## Work instruction
Print only the lines below from the one with "Merry and bright" to the one with "Steampunk style leather", both included, exactly as they stand. Leave pictures out.

## Information given
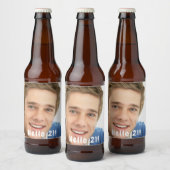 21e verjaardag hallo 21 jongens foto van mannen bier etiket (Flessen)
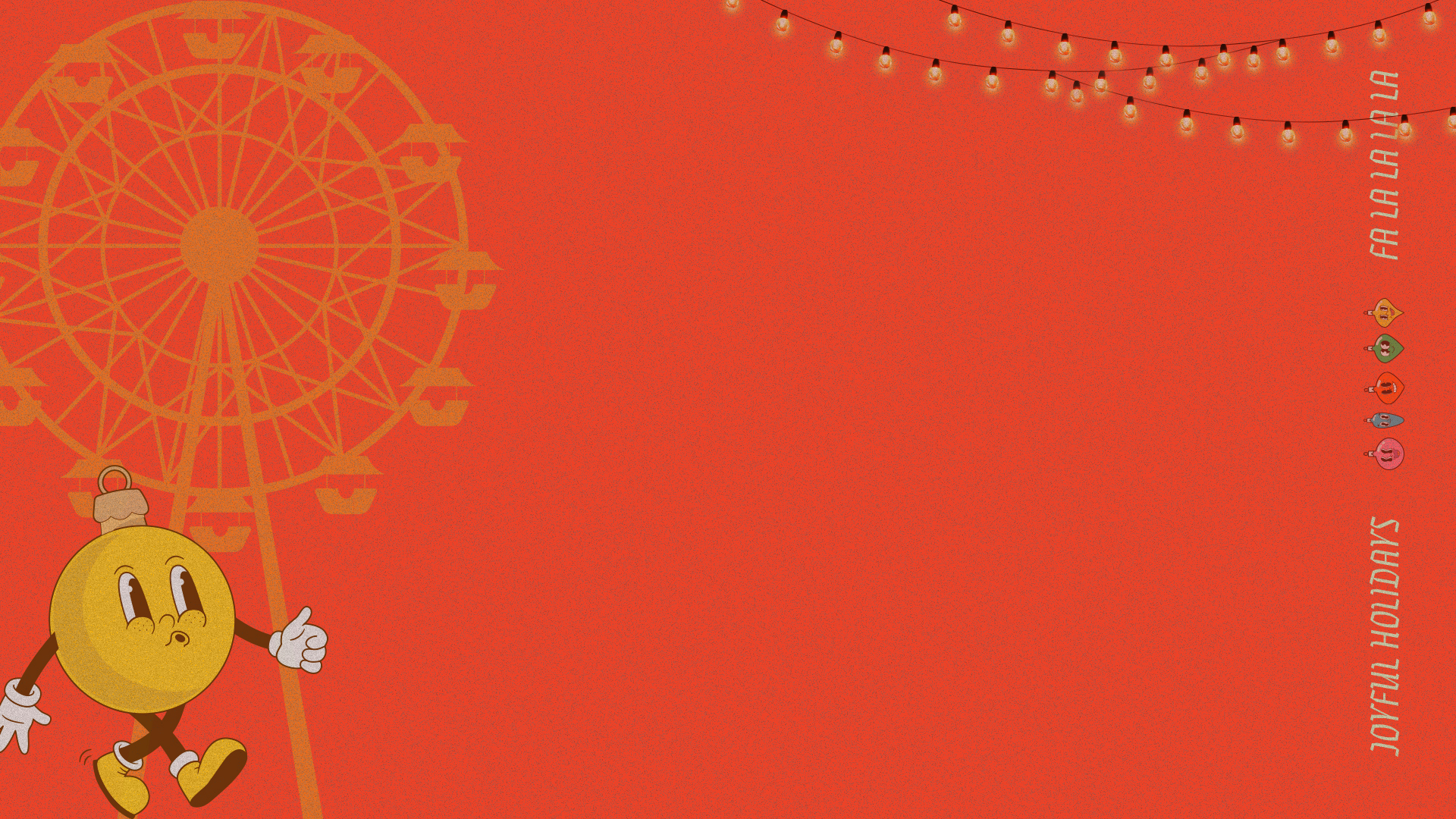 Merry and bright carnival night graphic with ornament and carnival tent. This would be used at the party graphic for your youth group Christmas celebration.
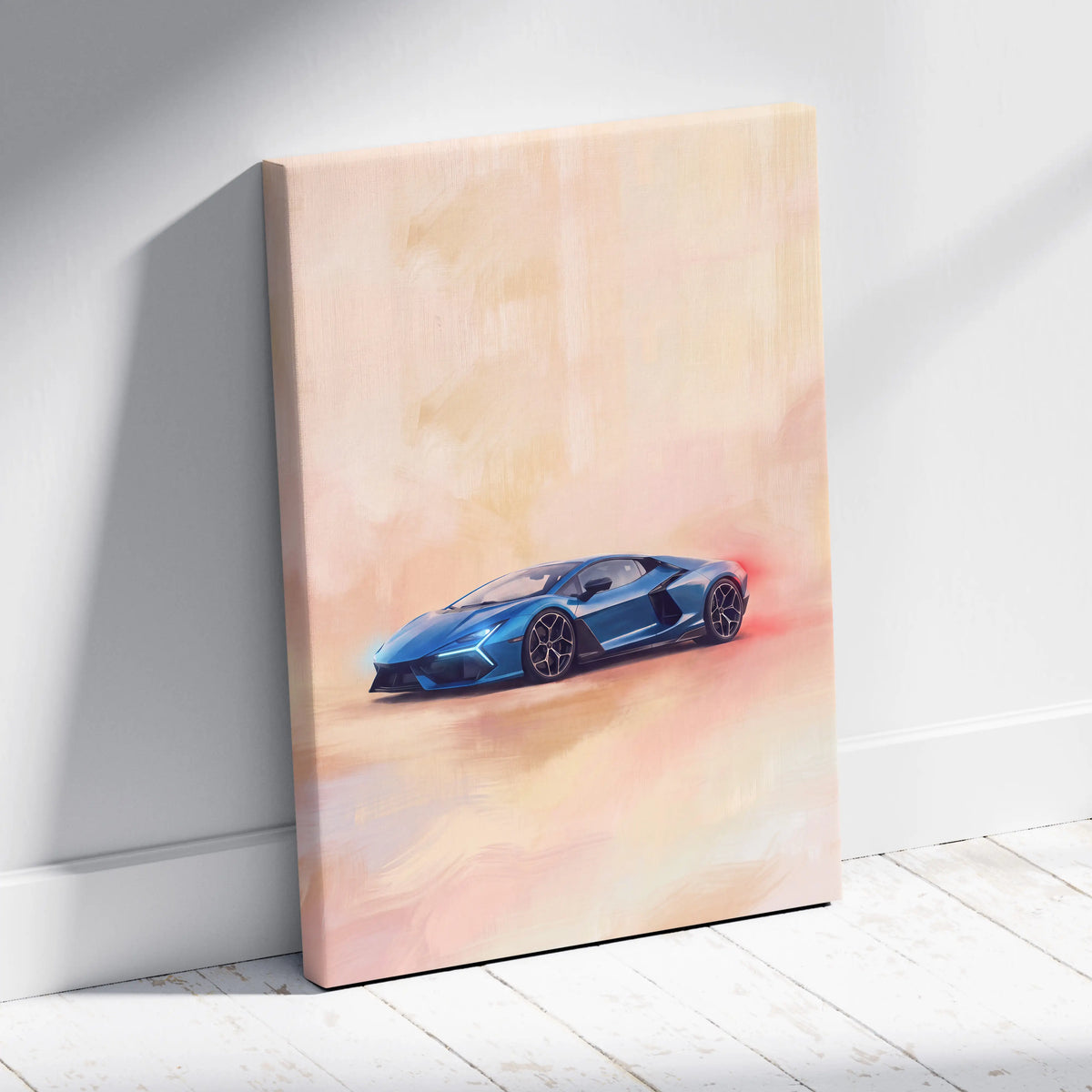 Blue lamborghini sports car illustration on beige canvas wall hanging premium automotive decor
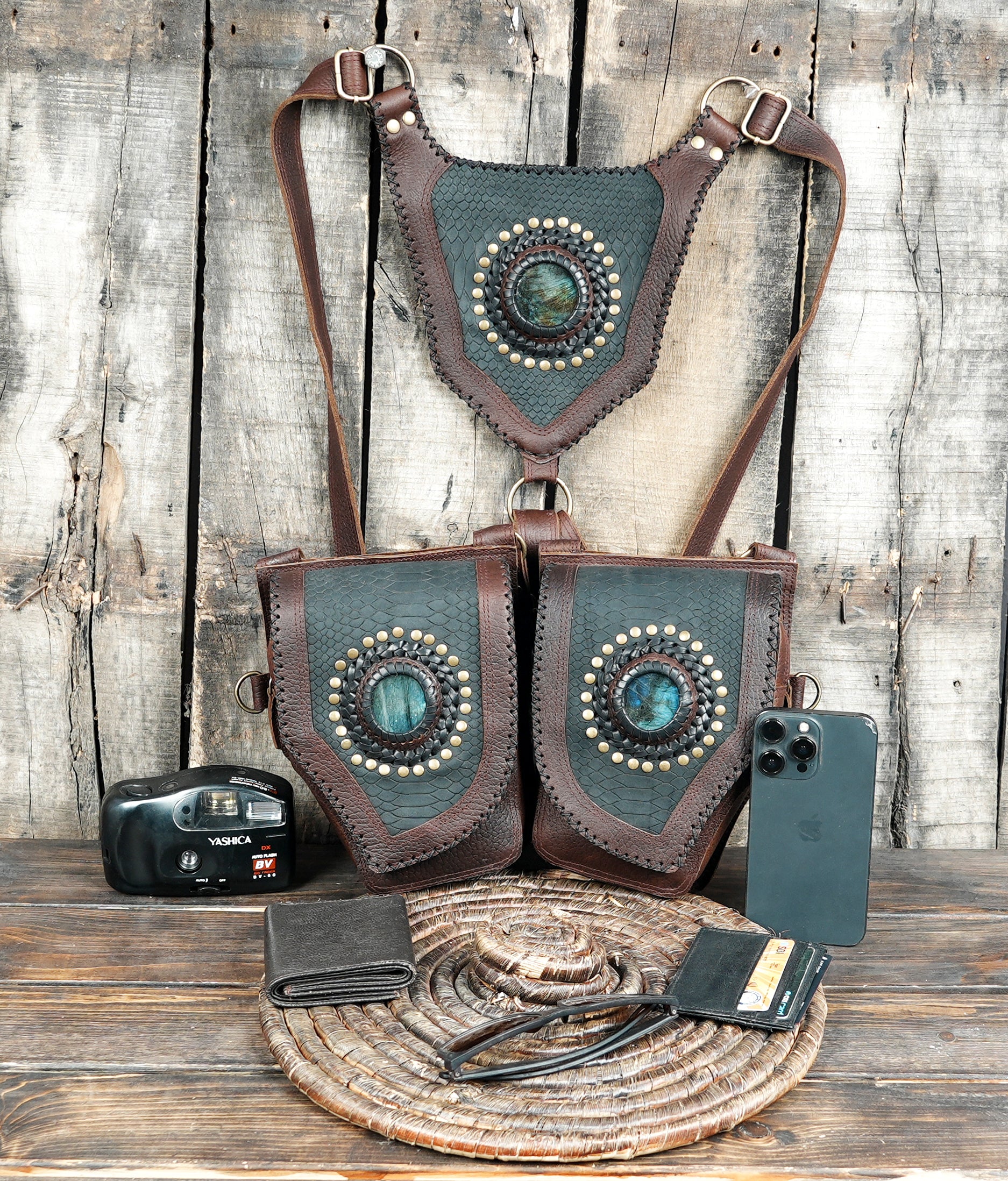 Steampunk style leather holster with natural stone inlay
* * *
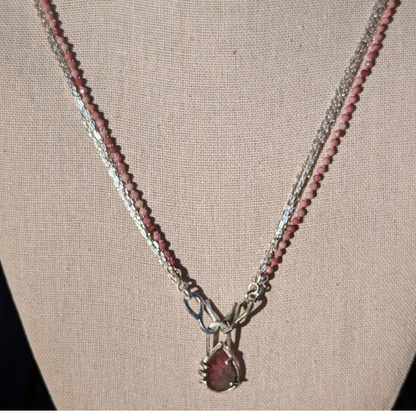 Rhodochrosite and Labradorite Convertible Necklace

## Response for this exercise
 Merry and bright carnival night graphic with ornament and carnival tent. This would be used at the party graphic for your youth group Christmas celebration.
 Blue lamborghini sports car illustration on beige canvas wall hanging premium automotive decor
 Steampunk style leather holster with natural stone inlay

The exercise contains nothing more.